INGREDIENTS:
Pasta:
- 8 oz large pasta shells
- 1 tablespoon olive oil
- 1 lb boneless, skinless chicken breasts, cut into small pieces
- 1 lb steamed broccoli, chopped
- 8 oz cream cheese, softened
- 1 egg
- 4 oz shredded Mozzarella cheese
- ½ cup grated Parmesan
- 1 tablespoon fresh parsley, minced
Sauce:
- ½ cup butter
- 1 clove garlic, minced or grated
- 2 cups whipping cream
- 4 oz shredded Mozzarella cheese
- ¾ cup grated Parmesan
INSTRUCTIONS:
- Preheat the oven to 350ºF. Spray a large baking dish with nonstick cooking spray.
- Bring a large pot of salted water to a boil. Add the pasta and cook until al dente. Drain and set aside.
- Meanwhile, heat the olive oil in a sauté pan over medium-high heat. Season the chicken with salt and pepper, and add it to the pan. Cook until browned and cooked through.

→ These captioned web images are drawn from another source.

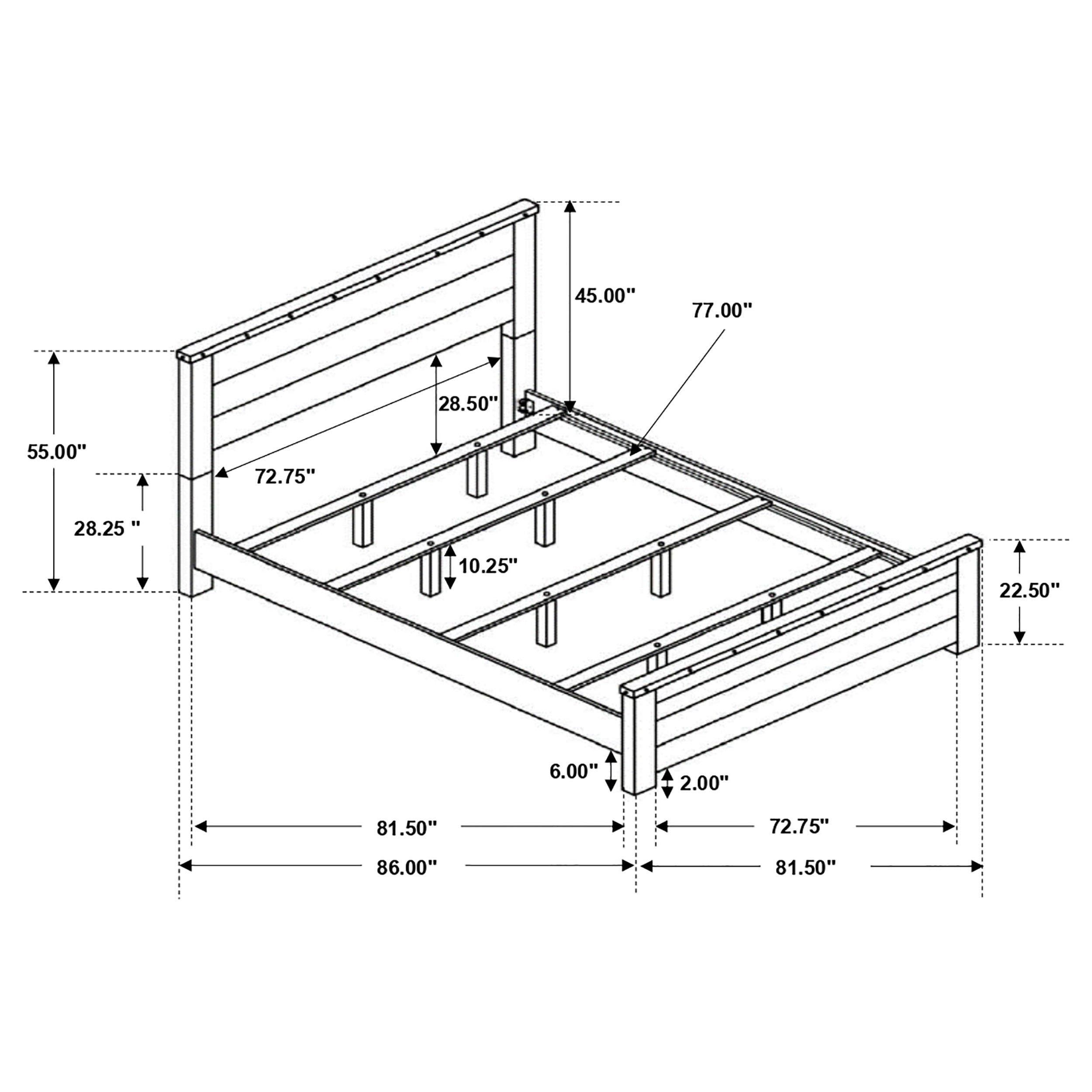 Sembene Bedroom Set Multicolor and Antique Multi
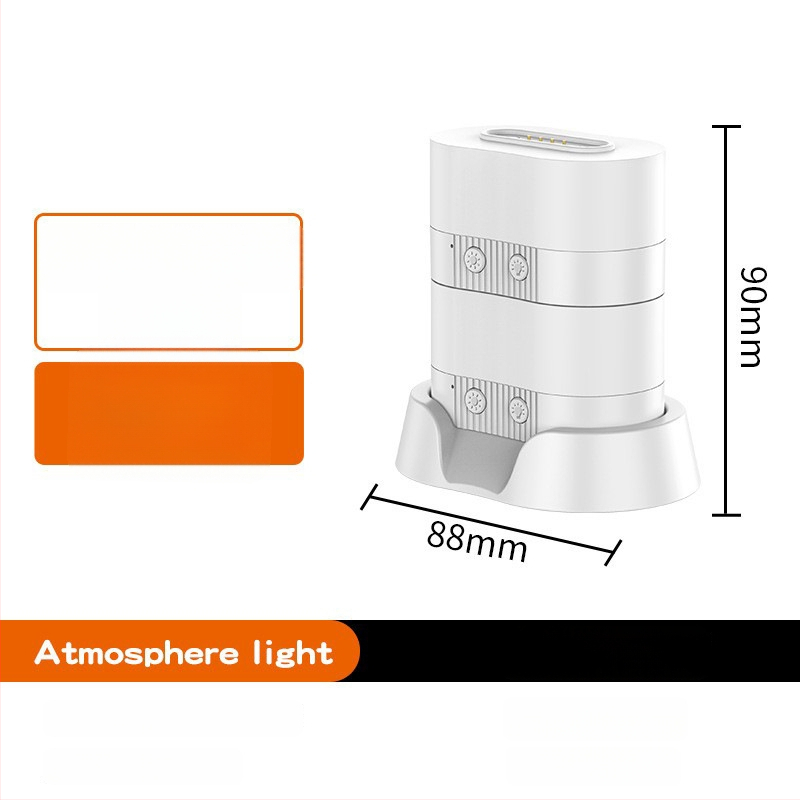 RGB магнитна настолна лампа с USB презареждане и плавно димиране за атмосферично осветление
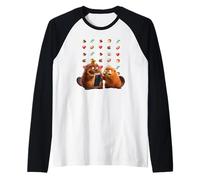 Disney and Pixar's Hoppers King George & Mabel Emoji Message Raglan Baseball Tee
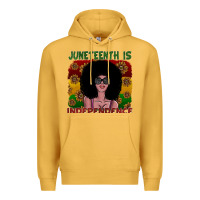 Mustard juneteenth is independence Premium Hoodie - SublimationCraftShop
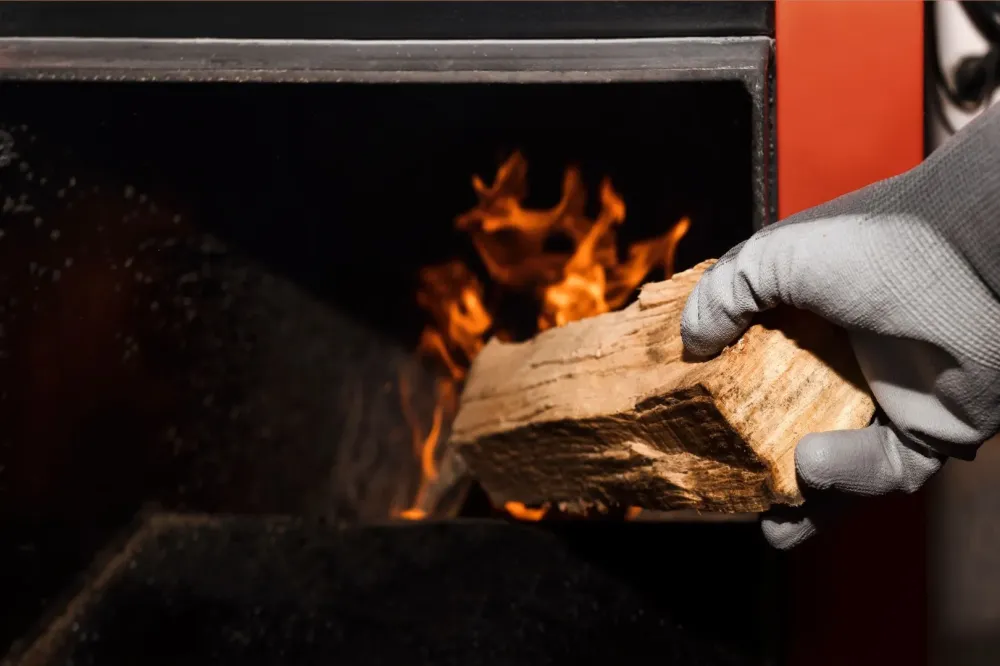 chaudière à bois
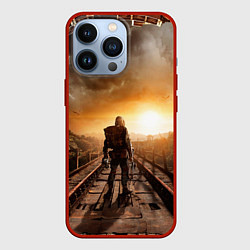 Чехол для iPhone 13 Pro Жёлтое солнце Метро, цвет: 3D-красный
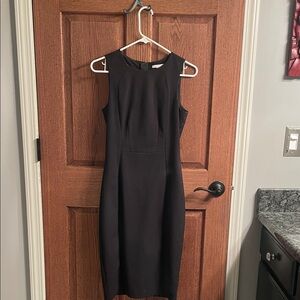 H&M Classic Black Midi Dress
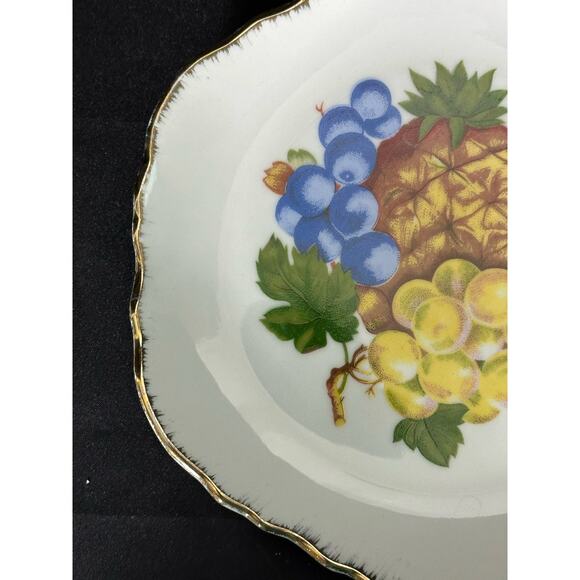 Korean Hand Painted Fruit Design Decorative Plate 7.25" - Picture 3 of 9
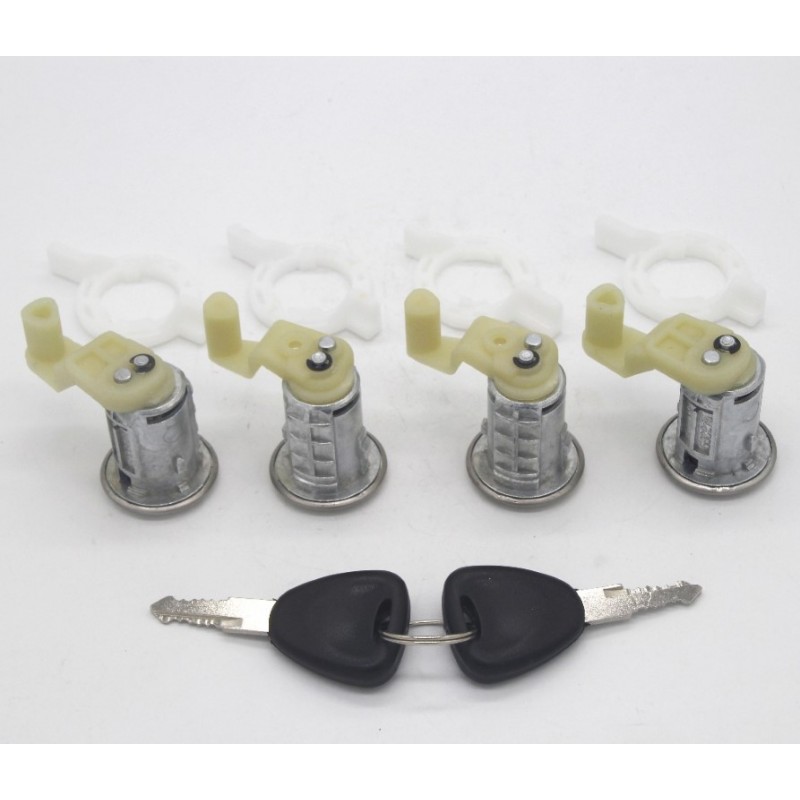 FanPaYY Kit cylindre de serrure de porte en alliage de zinc 7701468981 pour  Re-naul Megane Scenic Clio Thalia (2 cylindres + 2 clés) : : Auto  et Moto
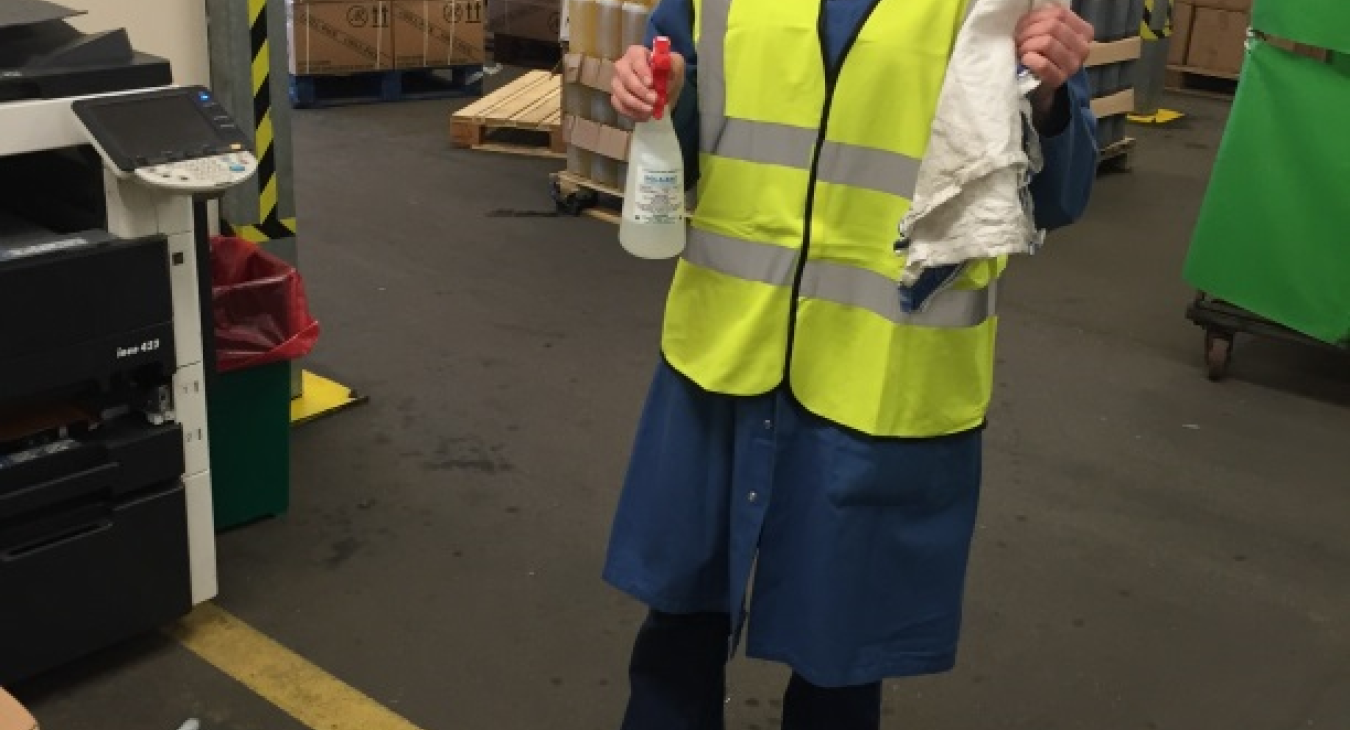 Factory cleaning in Kent, photo 28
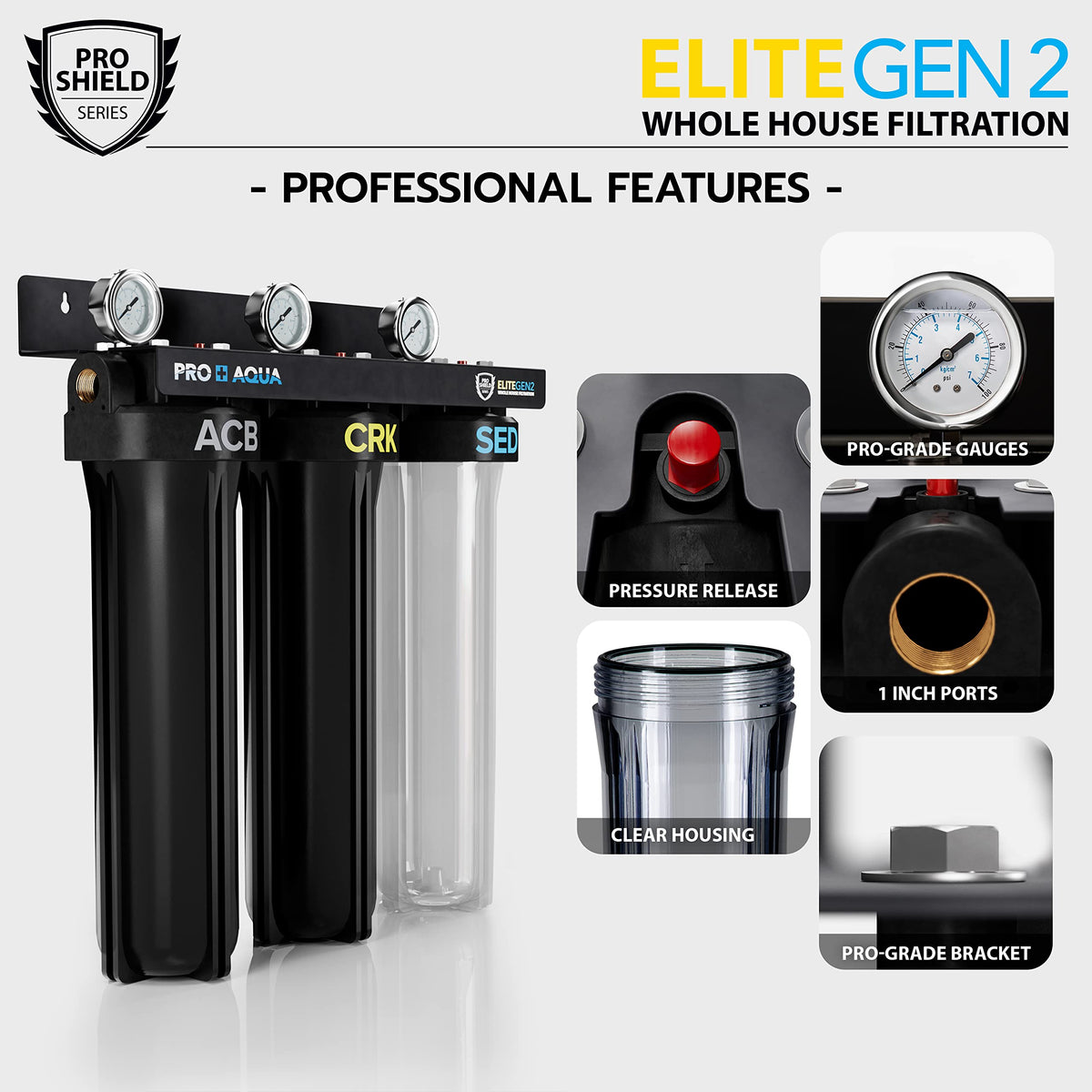Elite GEN2 Whole House Replacement Filter Set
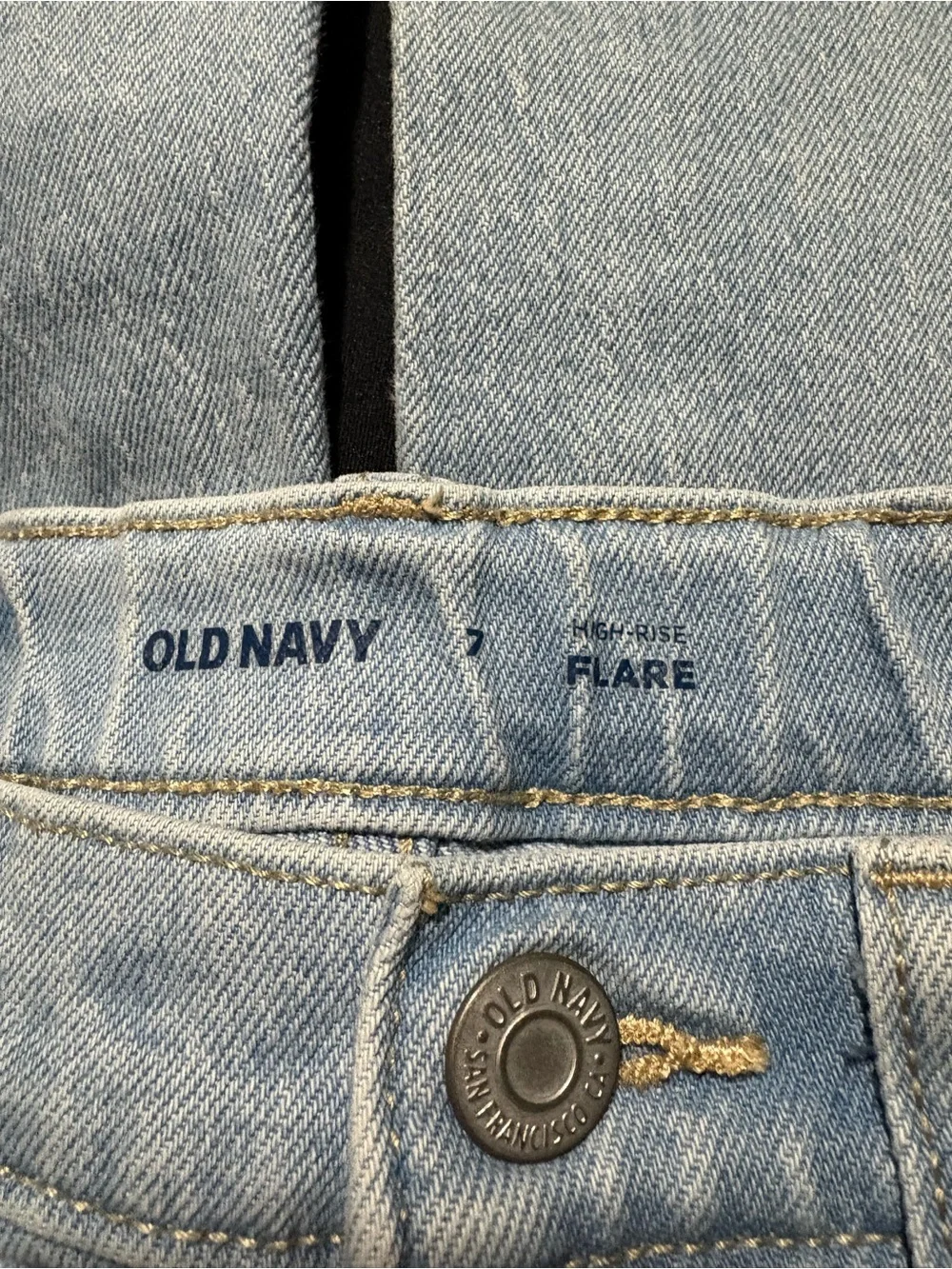 Old Navy Light Blue Kids Distressed Flare Jeans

- In a large bowl, beat together the cream cheese and egg. Stir in the 4 oz Mozzarella, ½ cup Parmesan and parsley. Add the chicken and the broccoli and stir until combined.
- Fill each of the shells with a large spoonful of the filling. Place in the prepared baking dish. Set aside.
- In a large sauté pan, melt the butter. Add the garlic and cook for 30-60 seconds, until fragrant. Whisk in the cream. Bring the mixture to a simmer, then add the half of the Mozzarella and the Parmesan. Simmer for 5-10 minutes, whisking occasionally, until slightly thickened. Season to taste with salt and pepper.
- Pour the sauce over the top of the prepared shells. Top with the remaining Mozzarella cheese. Cover the baking dish with foil and bake for 30 minutes, then uncover and cook an additional 10-15 minutes, until the sauce is bubbling.
- Remove from the oven and let sit for 10 minutes before serving.